The comedian, who was once covered in nearly 200 tattoos, appeared this week in a new ad for the women’s fashion brand Reformation, showing off an ink-free torso. His arms and legs are also the pale shade of his God-given flesh.
It was a welcome change from his former look — a scrawny, scribbled-on frame that could have been mistaken for a graffitied wall on the Lower East Side.
The 31-year-old Staten Island native looks healthy. He looks happy (the animated movie “Dog Man,” in which he voices a villainous cat, topped the box office this week). He looks like he has gone through some sort of magical portal into adulthood.
And the world on the other side of that door seems pretty sweet for Davidson, who New York has watched grow up.
He joined “Saturday Night Live” as a 20-year-old and endured very public battles with both substance abuse and mental health; his tats were, seemingly, physical manifestations of that turbulence. He’s reportedly been on a mission to wipe them off his body since 2020.
“I was a sad boy,” he recently told Jimmy Fallon in his trademark self-deprecating manner. “It was a weird time.”
He also copped to the obvious: His taste in the curation of his body art was, um, questionable. SpongeBob, at least six Harry Potter tattoos, a toaster and the word “Warning“ were some of the masterpieces he chose.
“I made a lot of those decisions when, you know, before rehab. So I got the dumbest tattoos,” Davidson told Seth Meyers.
The actual process, he admitted, was worse than getting inked. But he’s clearly committed.

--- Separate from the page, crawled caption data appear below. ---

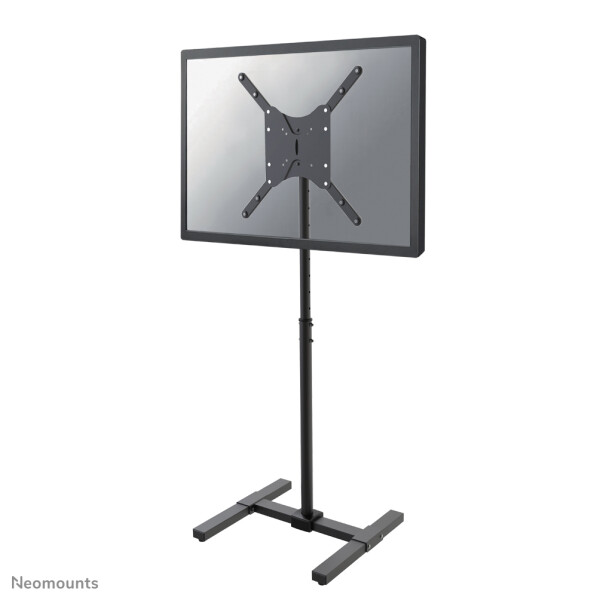 Neomounts by Newstar Flachbildschirm Bodenständer - 20 kg - 25,4 cm (10 Zoll) - 139,7 cm (55 Zoll) - 75 x 75 mm - 400 x 400 mm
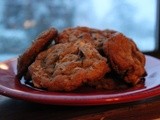 Oatmeal Chocolate Chip Cookies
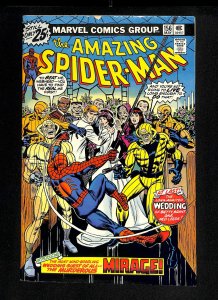 Amazing Spider-Man #156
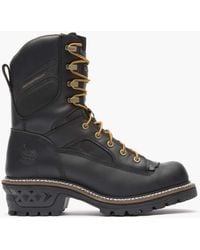 Georgia Boot - Ltx Logger Waterproof Work Boot - Lyst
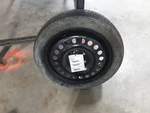2016 Buick Envision Compact Spare Tire Wheel Rim 17X4, Lug, 115MM Used. Price: $150.00.
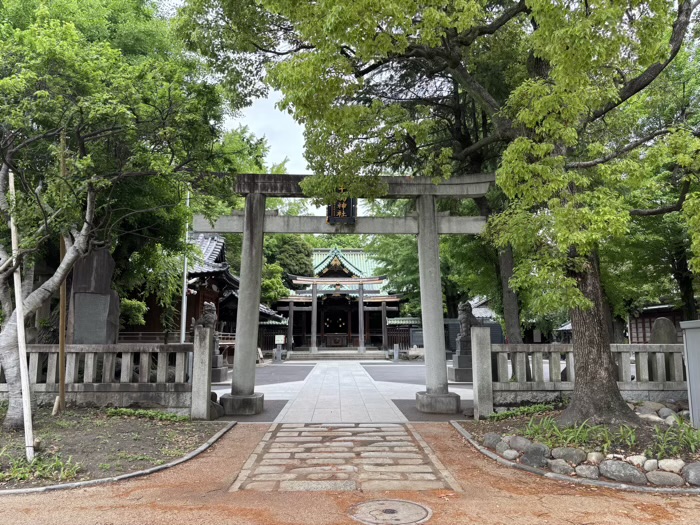 向島 牛嶋神社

And it’s impossible to not root for the guy — for his well-being, sanity and stability.
His life has been imprinted by so many Big Apple cultural hallmarks and, also, our great tragedies. He lost his firefighter father on 9/11 and remains close to his Staten Island roots, even if he does take the occasional dig at his home borough.
But it’s clear he loves it. What else could drive someone to buy a decommissioned Staten Island ferry for $280K, like he did with his former “SNL” co-star Colin Jost? Even if you think it’s nuts, you’ve gotta admit that’s the ultimate expression of sentimentality.
Davidson is a quintessential New York character with the outer-borough attitude to match. That’s an almost endangered species these days.
And I know there are plenty of confused folks on the internet who can’t quite seem to pinpoint or define his unconventional magnetism — the same one that helped him to pull a roster of beautiful celebs including Kim Kardashian, Margaret Qualley, Kate Beckinsale, Ariana Grande and Kaia Gerber.
Jokes about big d–k energy — a cheeky phrase coined specially for him a few years ago — aside, I think it’s his humor and the willingness to tuck away his ego.
For a video with Reformation, he plays a doting boyfriend who love bombs a girl off-camera. But that’s his trick. He’s in on the joke. Always poking fun at himself and unabashedly wearing his heart, and bad decisions, on his sleeve.
Like a good New Yorker, he’s busting his own chops.
I witnessed Davidson’s commanding charm firsthand back in 2016, during a Springsteen show at Madison Square Garden. I sat in front of him and his friends. He offered me a hit of his joint; content with my beer, I politely declined.
But later, when his pals were chatting loudly as Springsteen started to play one one of my favorite songs, “Fade Away,” I told them to pipe down so I could hear it. A cheeky Davidson, partly poking fun at me and partly being a good neighbor, told them, “Everyone shut up. It’s her favorite song. This is her time.”
Everyone did, in fact, shut up, after a few laughs. I got to hear the sentimental song, uninterrupted. And I flashed him a grateful grin.
I’m glad to see, nearly a decade later, that he hasn’t chosen to “fade away” and instead seems ready to write a whole new chapter on his own blank slate.